══ Data

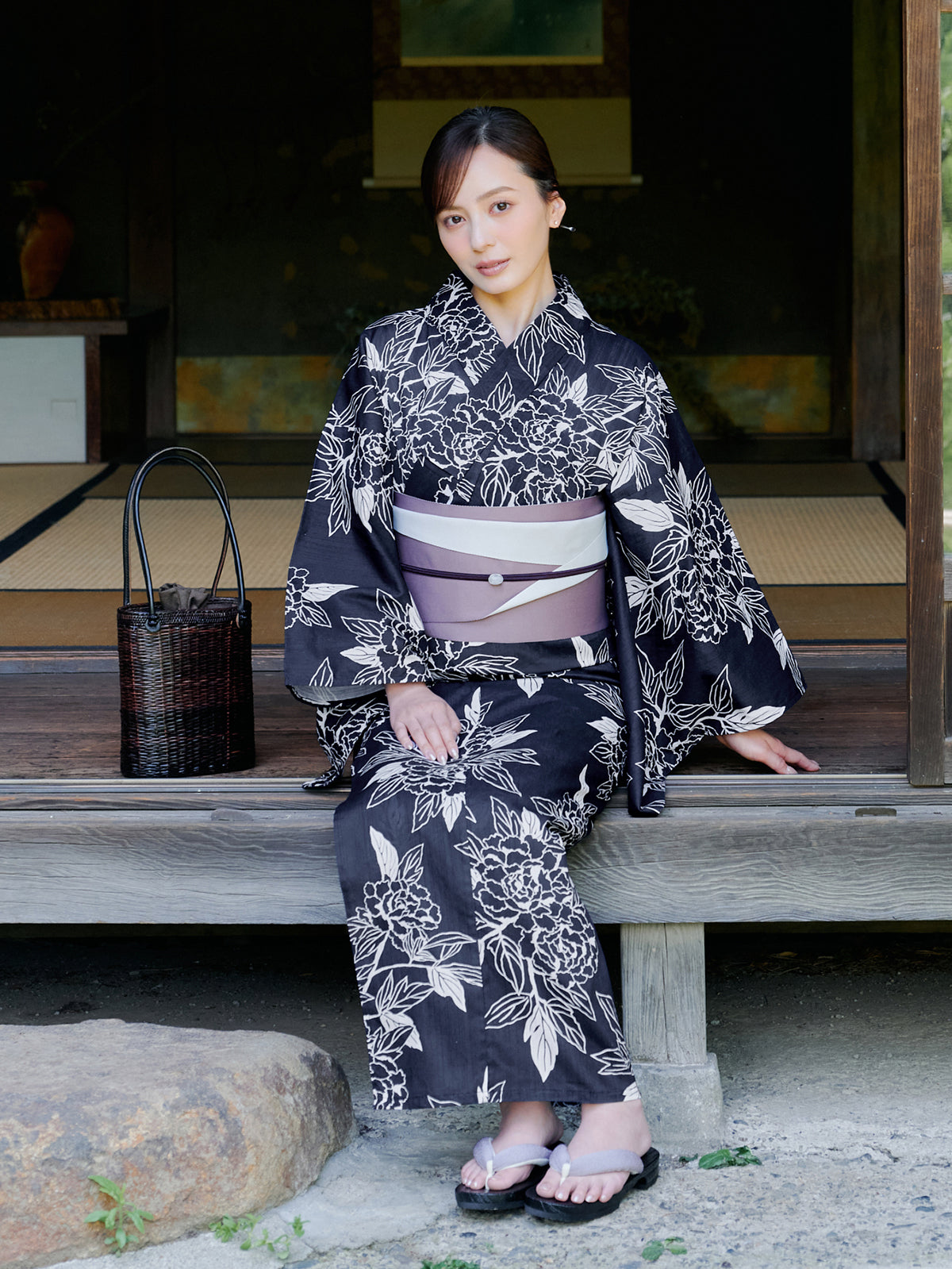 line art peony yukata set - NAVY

════
══ Data

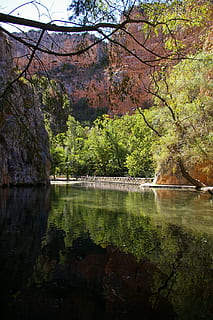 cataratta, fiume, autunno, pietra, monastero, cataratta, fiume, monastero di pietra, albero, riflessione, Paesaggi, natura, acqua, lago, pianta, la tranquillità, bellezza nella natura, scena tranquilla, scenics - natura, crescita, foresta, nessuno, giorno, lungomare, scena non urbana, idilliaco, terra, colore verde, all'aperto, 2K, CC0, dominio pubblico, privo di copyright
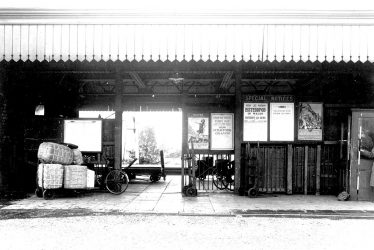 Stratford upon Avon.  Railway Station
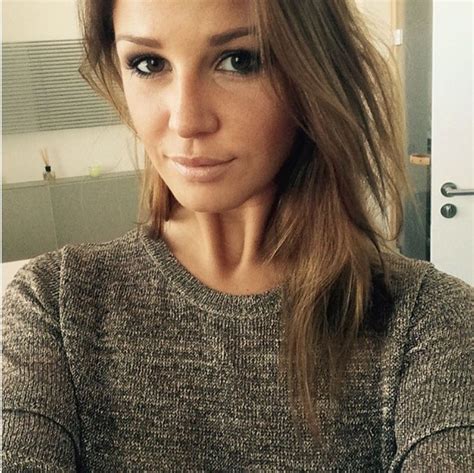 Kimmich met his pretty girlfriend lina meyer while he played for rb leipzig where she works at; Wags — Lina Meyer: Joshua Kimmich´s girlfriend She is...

════
══ Data

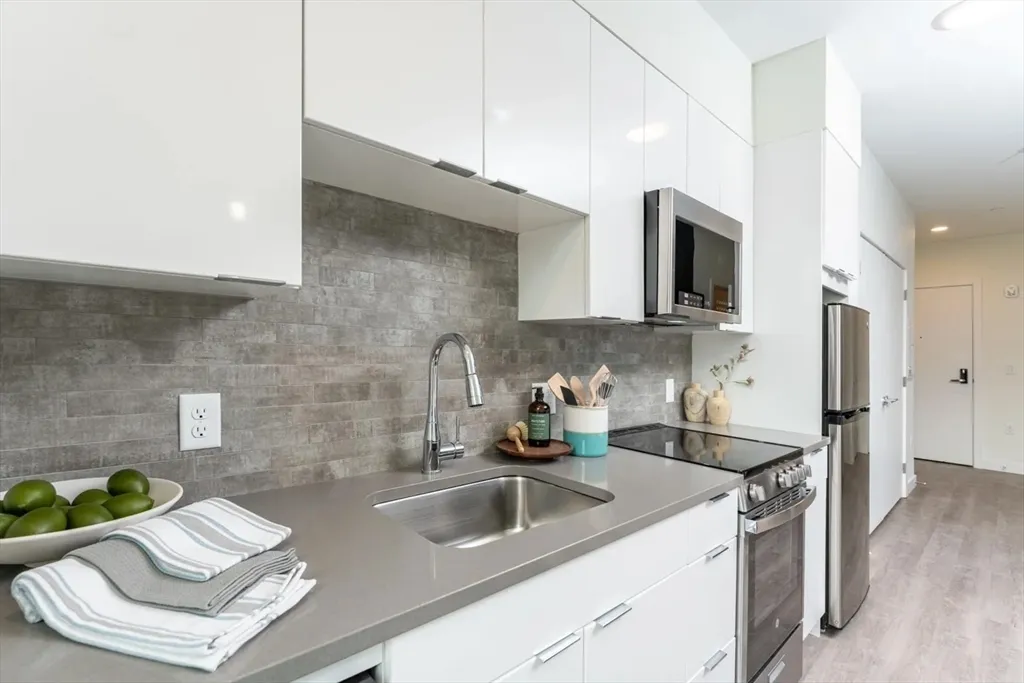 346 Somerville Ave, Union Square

════

» **Problem**
How would the lines above read from the one with "Stratford upon Avon." to the one with "Kimmich met his", inclusive, with no pictures? Write them out exactly.

» **Response below**
 Stratford upon Avon.  Railway Station
 Kimmich met his pretty girlfriend lina meyer while he played for rb leipzig where she works at; Wags — Lina Meyer: Joshua Kimmich´s girlfriend She is...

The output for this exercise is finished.